Images in the data are to be skipped, while every line is restated exactly as written.
= = = = =
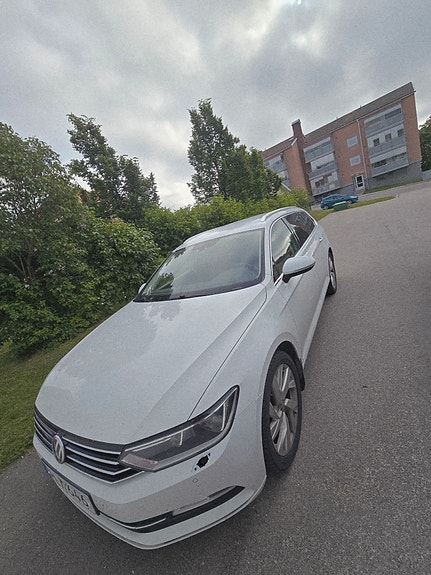 Volkswagen Passat 3 of 5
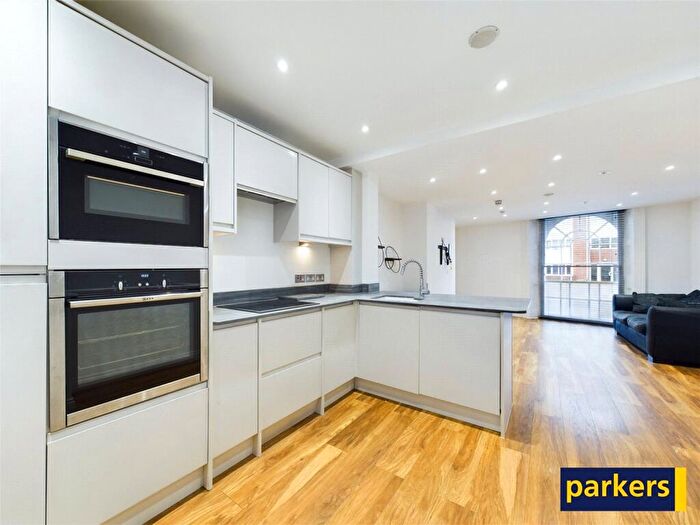 2 Bedroom Apartment To Rent In Queens Road, Reading, RG1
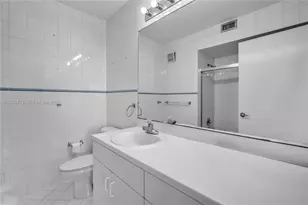 3698 San Simeon Cir, Weston, FL 33331 - Photo 13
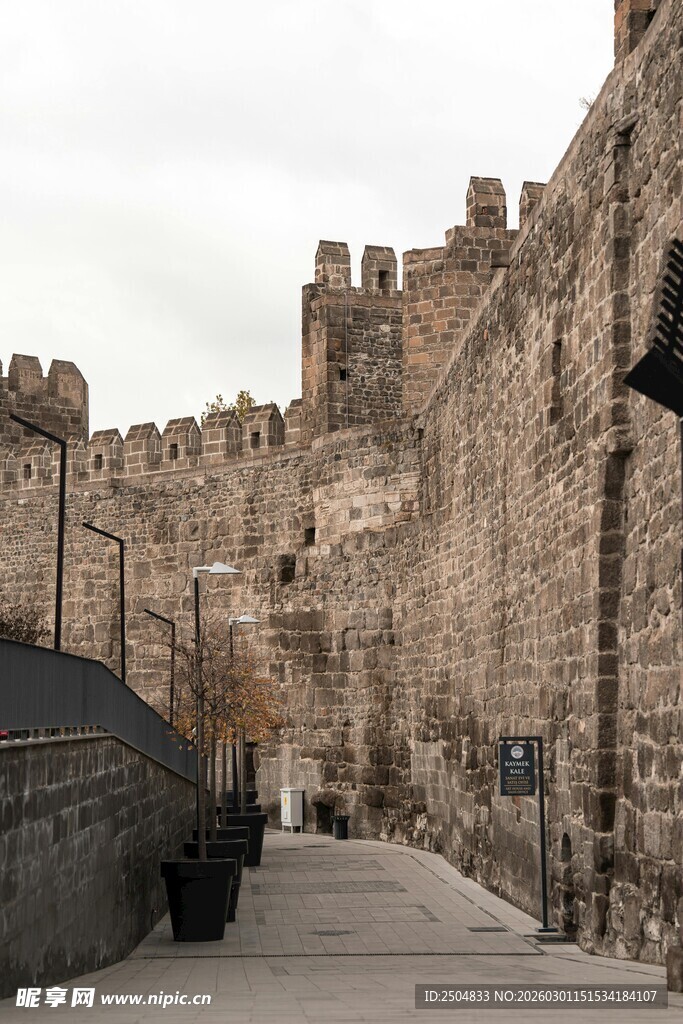 古老城堡的石砌城墙小道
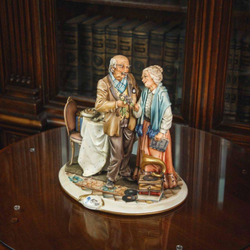 Винтаж: Фарфоровая мануфактура Capodimonte. «История Любви»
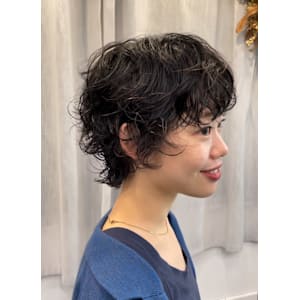パーマでラフな動きをつけたショートウルフスタイル
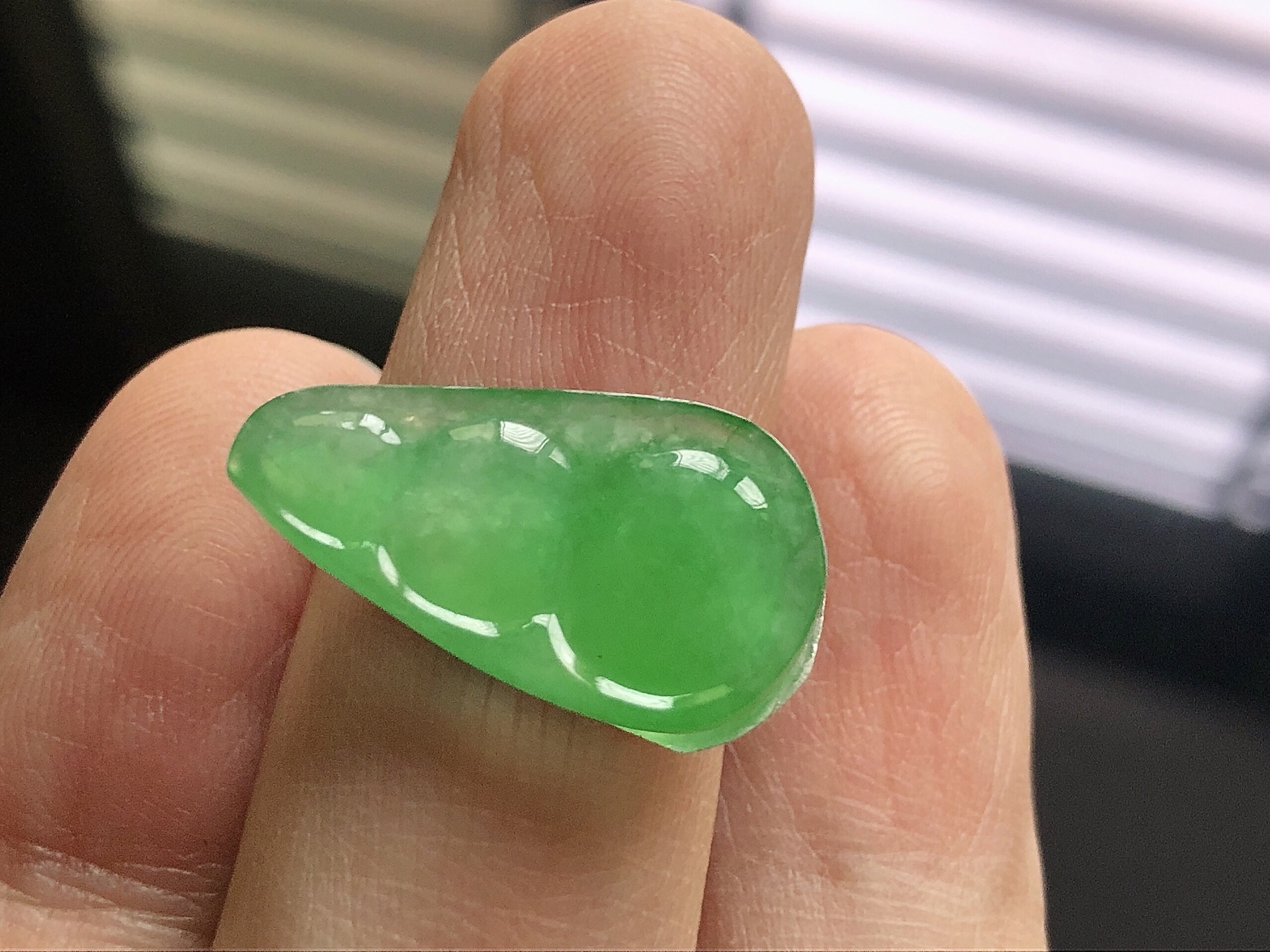 冰种阳绿福豆，色泽艳阳，通透水润，玉质细腻，夺目迷人，镶嵌效果，品相，无裂，尺寸22*12.5*4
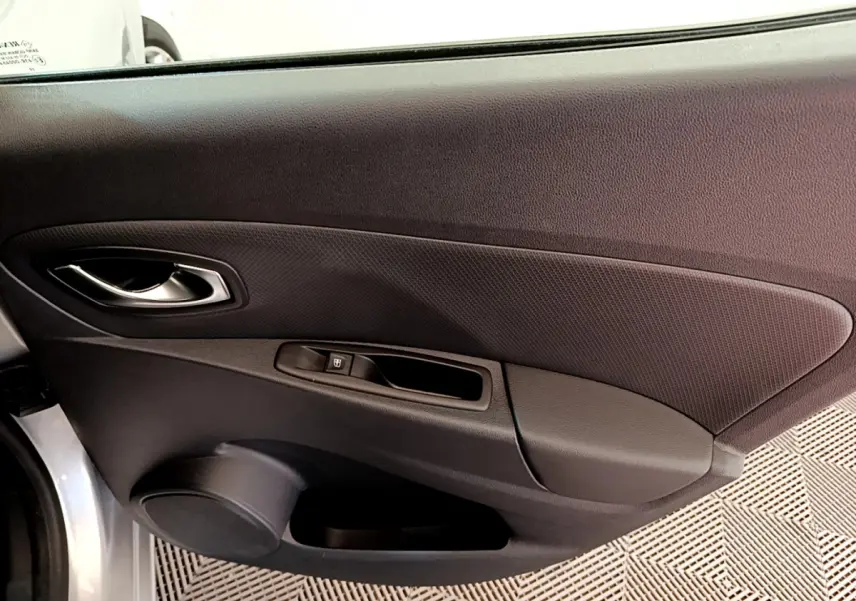 Panneau de porte intérieur côté gauche gris foncé de Renault Clio Business TCe 90 2019 avec poignée et commande de vitre électrique.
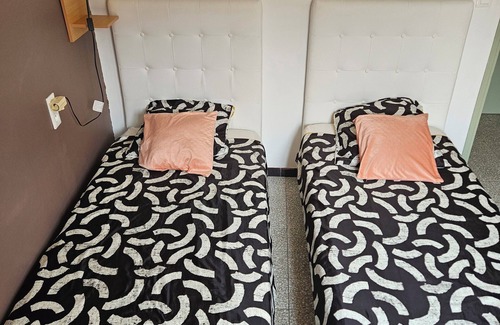 Lezignan-Corbieres Cama Y Desayuno | Serge Le Belge room 2 single bed with balcony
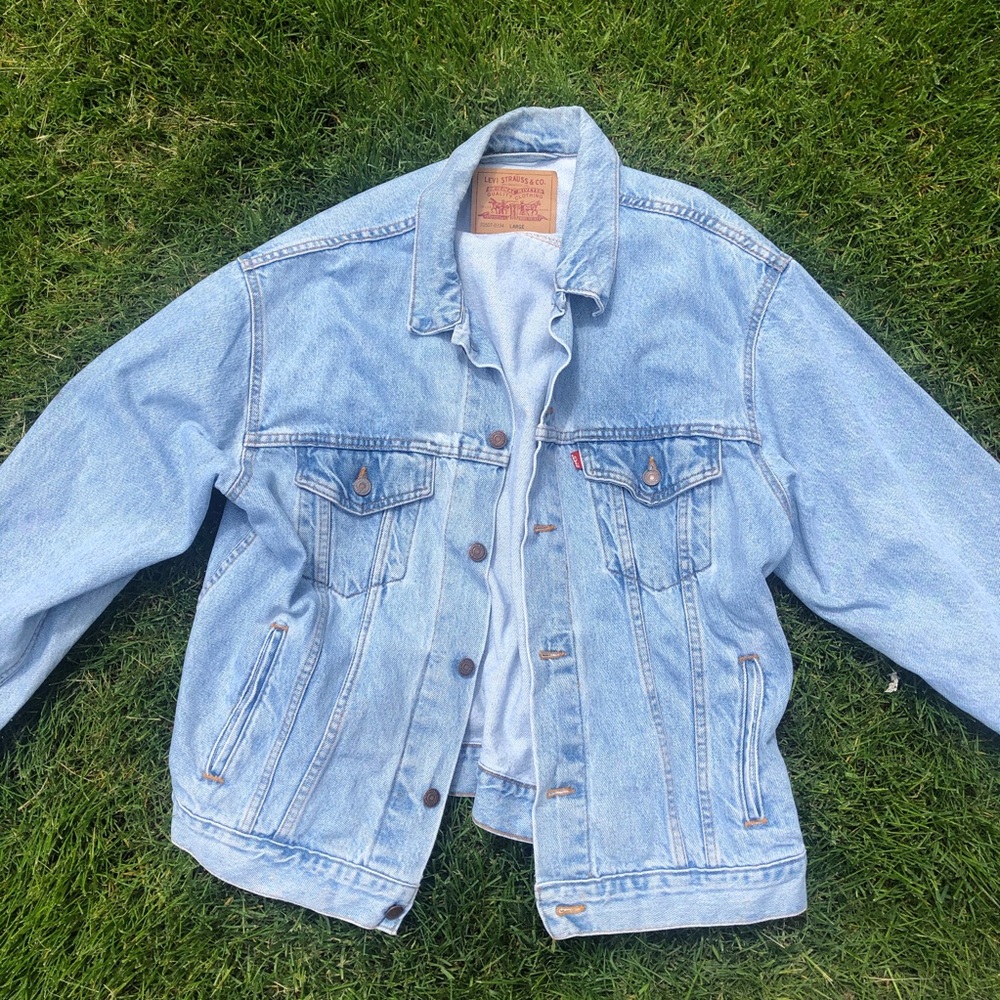 Levi’s Denim Jacket (L)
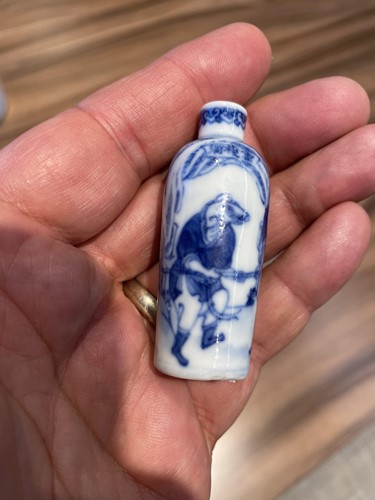 Lot 105 - A Chinese blue & white snuff bottle, Qing,...
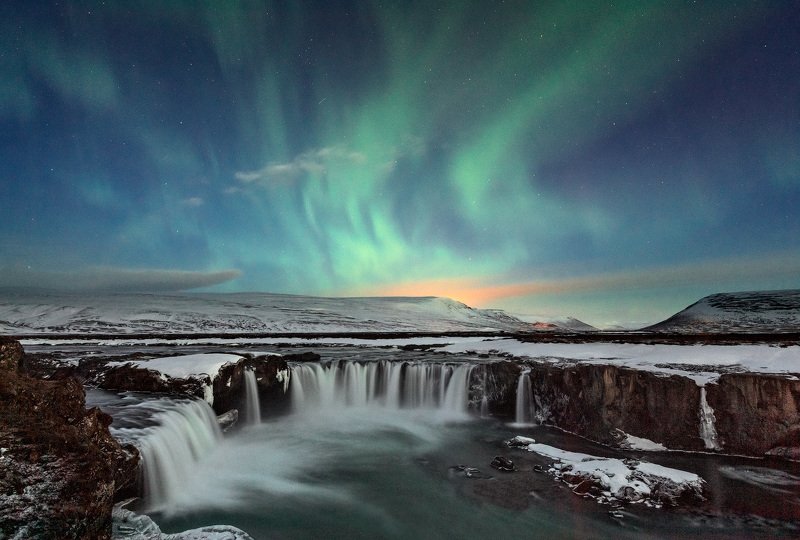 исландия Ночной Годафоссphoto preview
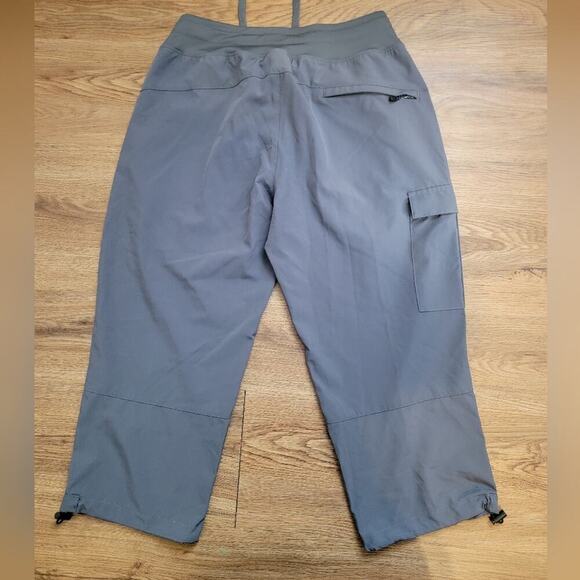 Women's Rlaged Grey Cargo Capri's SZ Medium - Picture 3 of 9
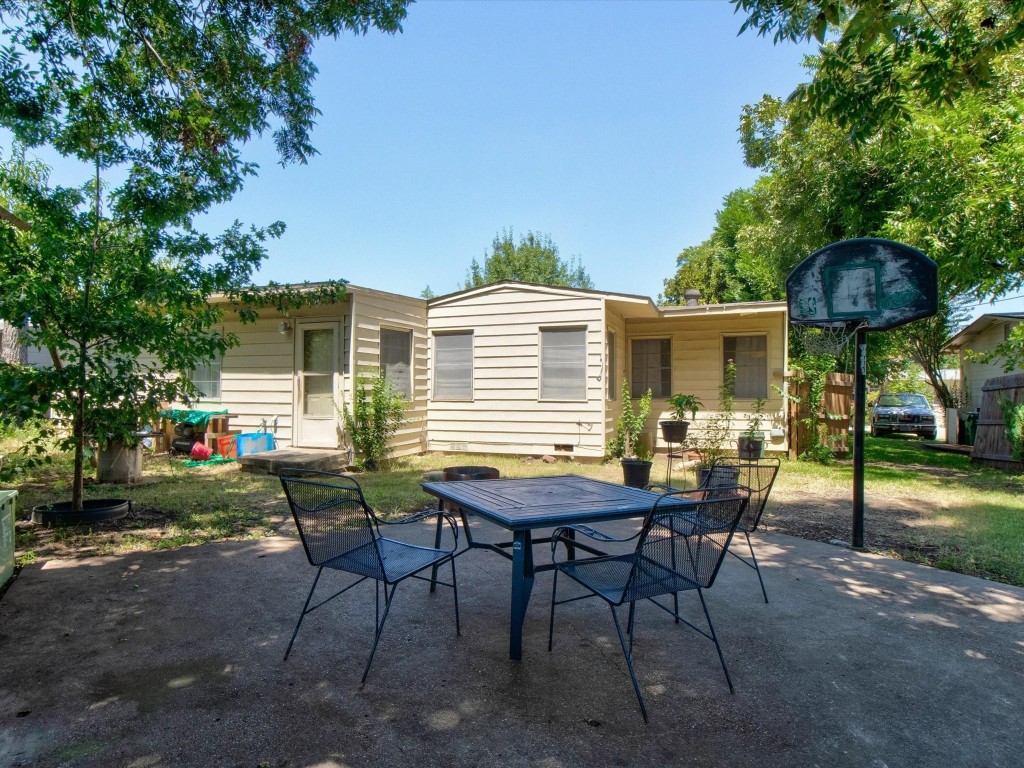 2006 Glenhaven Street Arlington TX 76010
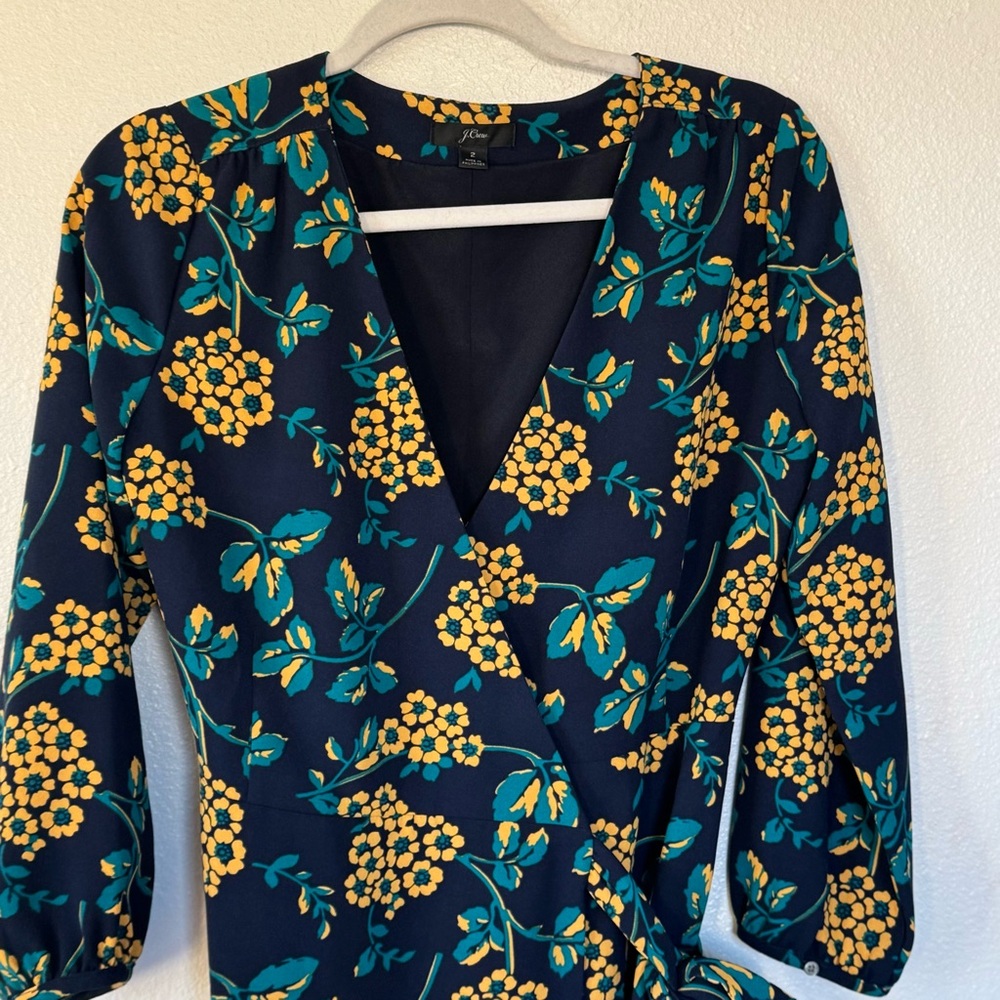 J.Crew Golden Navy Floral Wrap Dress in 365 Yellow Size 2 - Picture 3 of 11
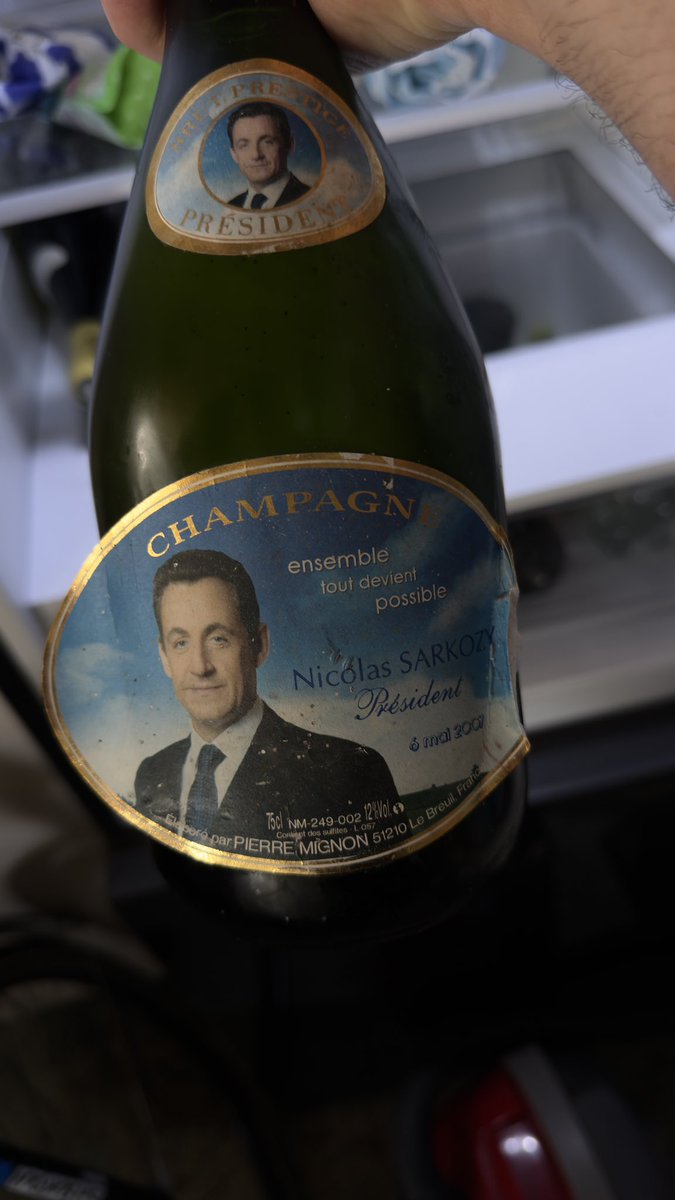 weird shit you find in airbnbs s07e12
= = = = =
- _Answer area_
 Volkswagen Passat 3 of 5
 2 Bedroom Apartment To Rent In Queens Road, Reading, RG1
 3698 San Simeon Cir, Weston, FL 33331 - Photo 13
 古老城堡的石砌城墙小道
 Винтаж: Фарфоровая мануфактура Capodimonte. «История Любви»
パーマでラフな動きをつけたショートウルフスタイル
 冰种阳绿福豆，色泽艳阳，通透水润，玉质细腻，夺目迷人，镶嵌效果，品相，无裂，尺寸22*12.5*4
 Panneau de porte intérieur côté gauche gris foncé de Renault Clio Business TCe 90 2019 avec poignée et commande de vitre électrique.
 Lezignan-Corbieres Cama Y Desayuno | Serge Le Belge room 2 single bed with balcony
 Levi’s Denim Jacket (L)
 Lot 105 - A Chinese blue & white snuff bottle, Qing,...
 исландия Ночной Годафоссphoto preview
 Women's Rlaged Grey Cargo Capri's SZ Medium - Picture 3 of 9
 2006 Glenhaven Street Arlington TX 76010
 J.Crew Golden Navy Floral Wrap Dress in 365 Yellow Size 2 - Picture 3 of 11
 weird shit you find in airbnbs s07e12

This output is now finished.